> **Problem details**: What is needed is an exact copy of the listing, with no pictures in it.

> **Information provided**:
######

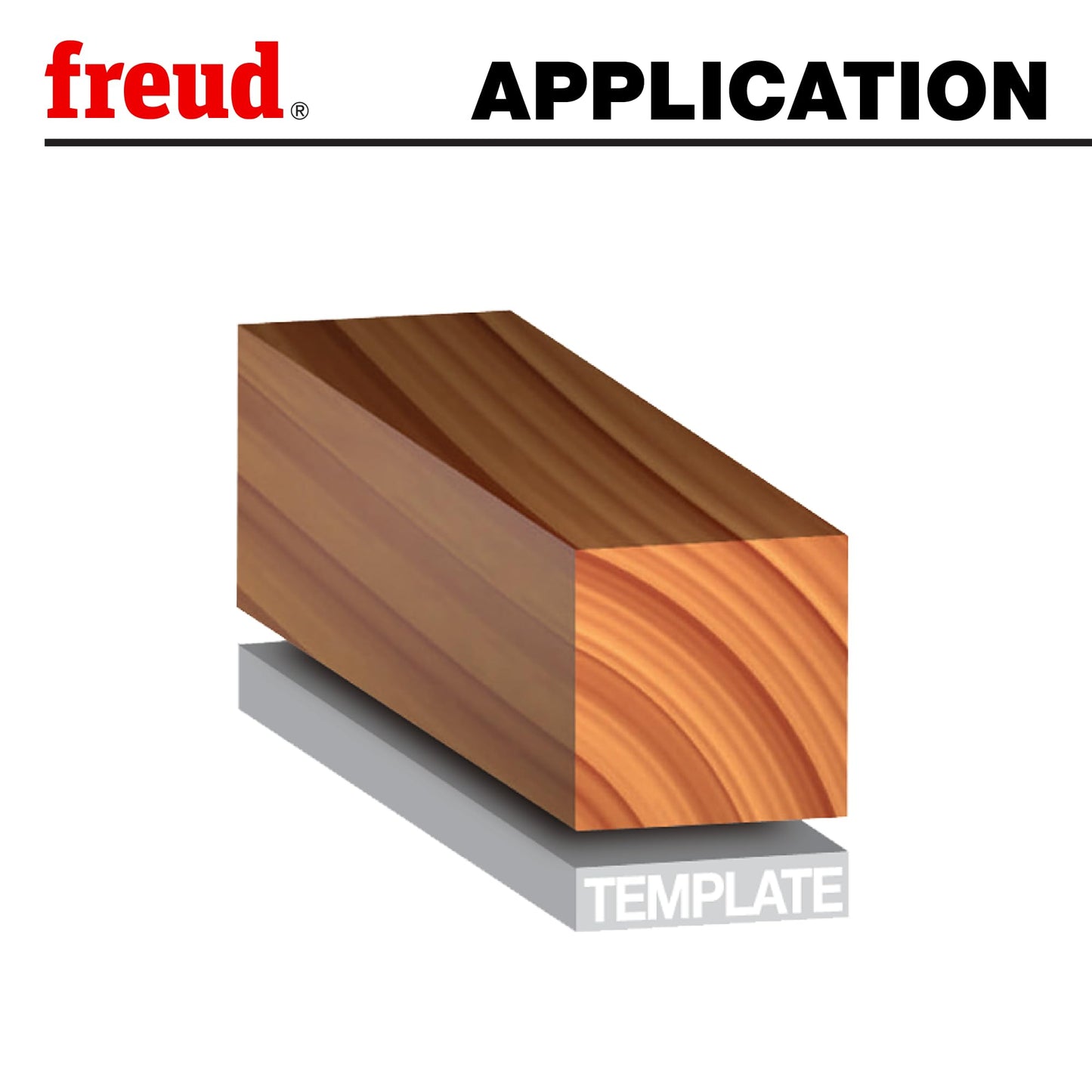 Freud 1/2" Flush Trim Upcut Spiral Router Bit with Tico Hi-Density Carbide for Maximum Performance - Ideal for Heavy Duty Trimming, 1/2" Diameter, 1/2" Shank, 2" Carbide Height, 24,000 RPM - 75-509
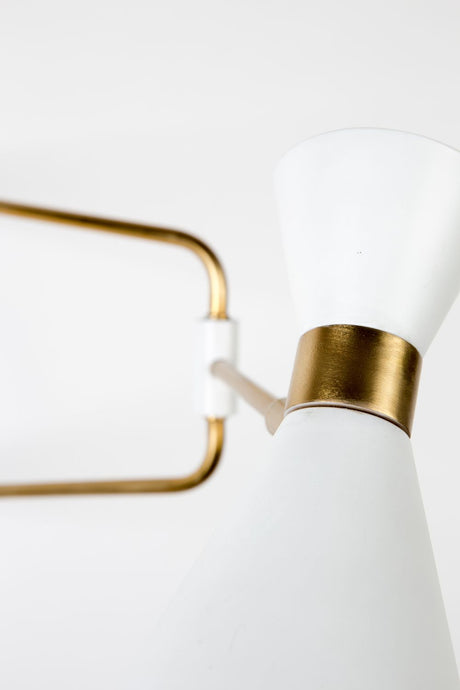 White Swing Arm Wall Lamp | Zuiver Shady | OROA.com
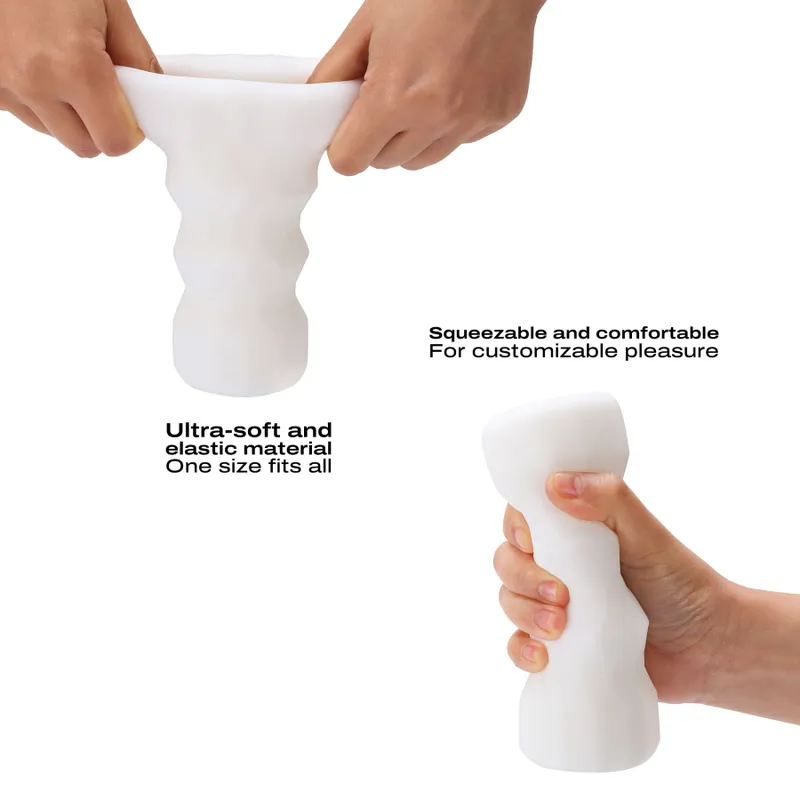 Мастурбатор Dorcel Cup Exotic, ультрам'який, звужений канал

######

> **Output of the task**:
 Freud 1/2" Flush Trim Upcut Spiral Router Bit with Tico Hi-Density Carbide for Maximum Performance - Ideal for Heavy Duty Trimming, 1/2" Diameter, 1/2" Shank, 2" Carbide Height, 24,000 RPM - 75-509
 White Swing Arm Wall Lamp | Zuiver Shady | OROA.com
 Мастурбатор Dorcel Cup Exotic, ультрам'який, звужений канал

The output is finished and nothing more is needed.